▶ [PROBLEM REQUIREMENTS]
Could the listing below be returned exactly, with its pictures left out?

*** Opening AVAILABLE DATA ***

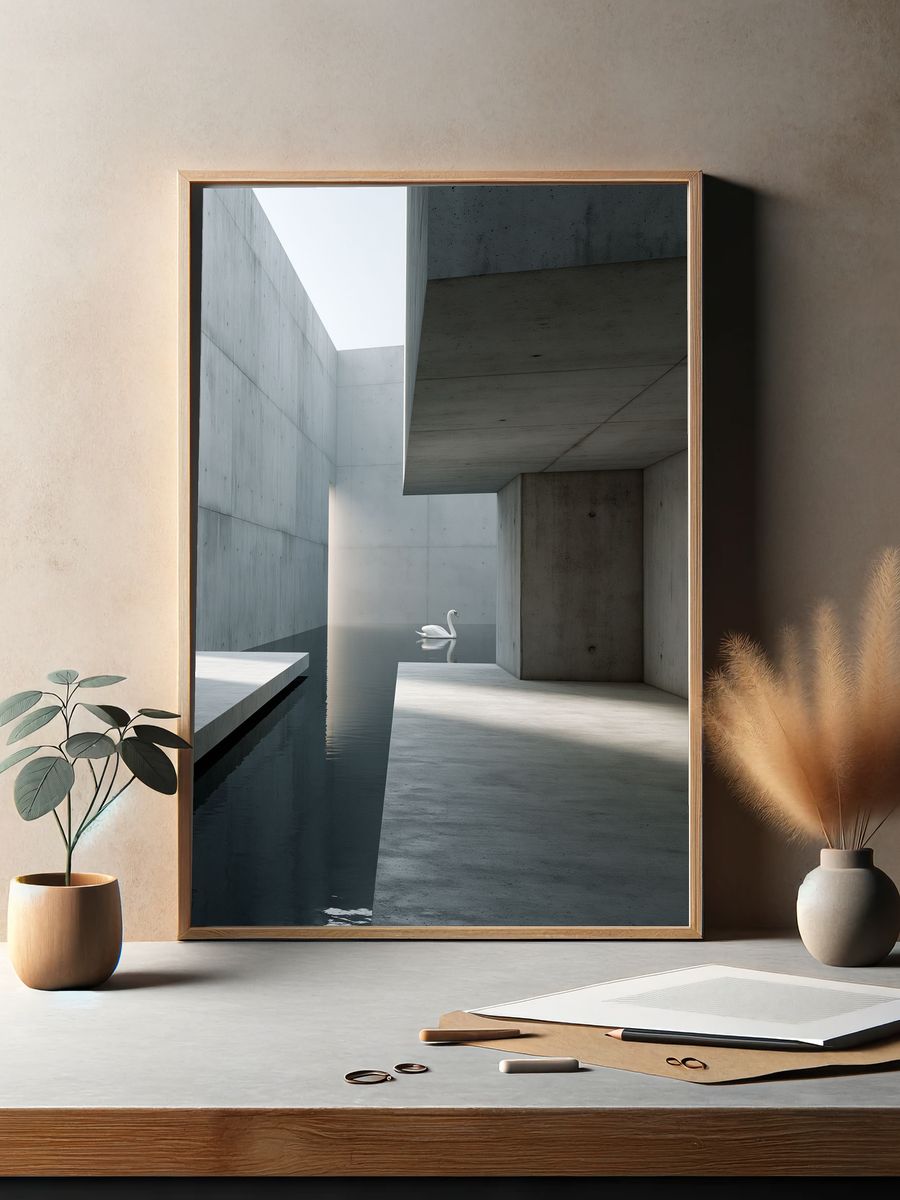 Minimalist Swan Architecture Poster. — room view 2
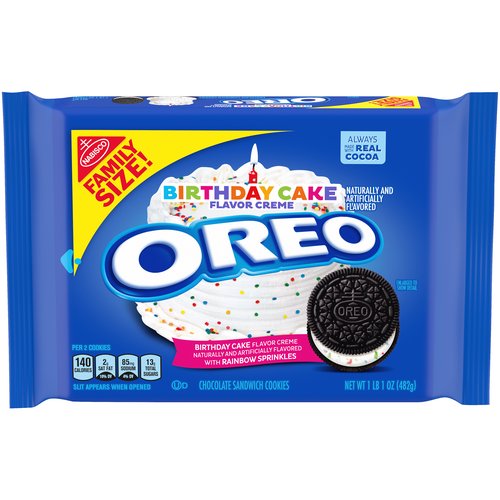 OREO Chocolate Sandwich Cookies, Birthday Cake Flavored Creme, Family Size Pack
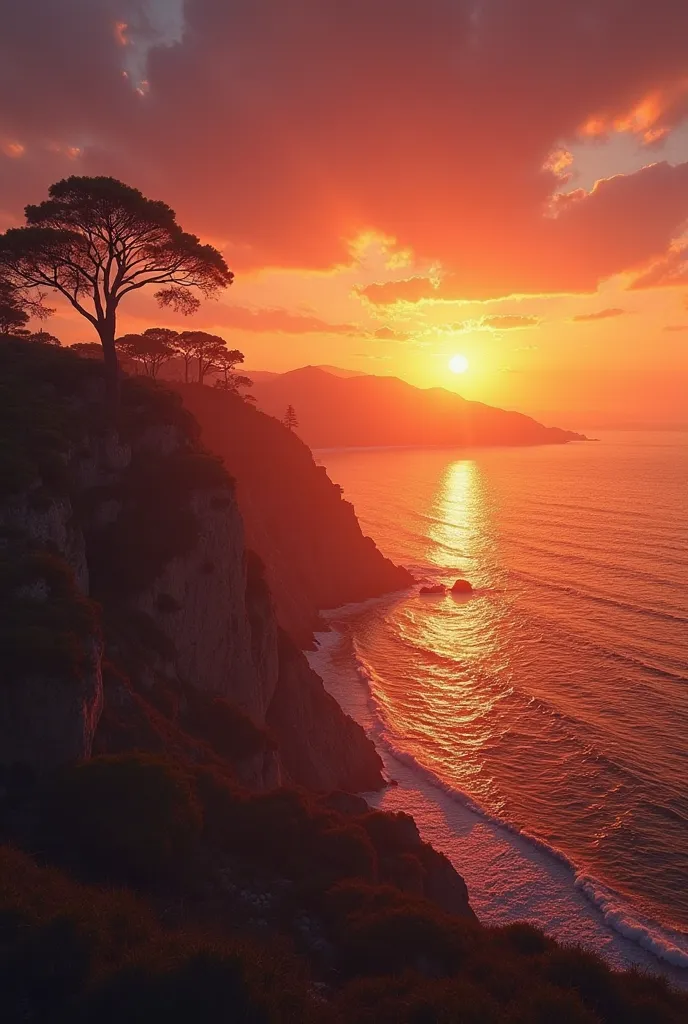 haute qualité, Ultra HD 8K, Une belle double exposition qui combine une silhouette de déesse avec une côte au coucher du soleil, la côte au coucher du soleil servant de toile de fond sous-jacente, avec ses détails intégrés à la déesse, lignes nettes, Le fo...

*** Closing AVAILABLE DATA ***

▶ [SOLUTION TO THIS TASK]
 Minimalist Swan Architecture Poster. — room view 2
 OREO Chocolate Sandwich Cookies, Birthday Cake Flavored Creme, Family Size Pack
 haute qualité, Ultra HD 8K, Une belle double exposition qui combine une silhouette de déesse avec une côte au coucher du soleil, la côte au coucher du soleil servant de toile de fond sous-jacente, avec ses détails intégrés à la déesse, lignes nettes, Le fo...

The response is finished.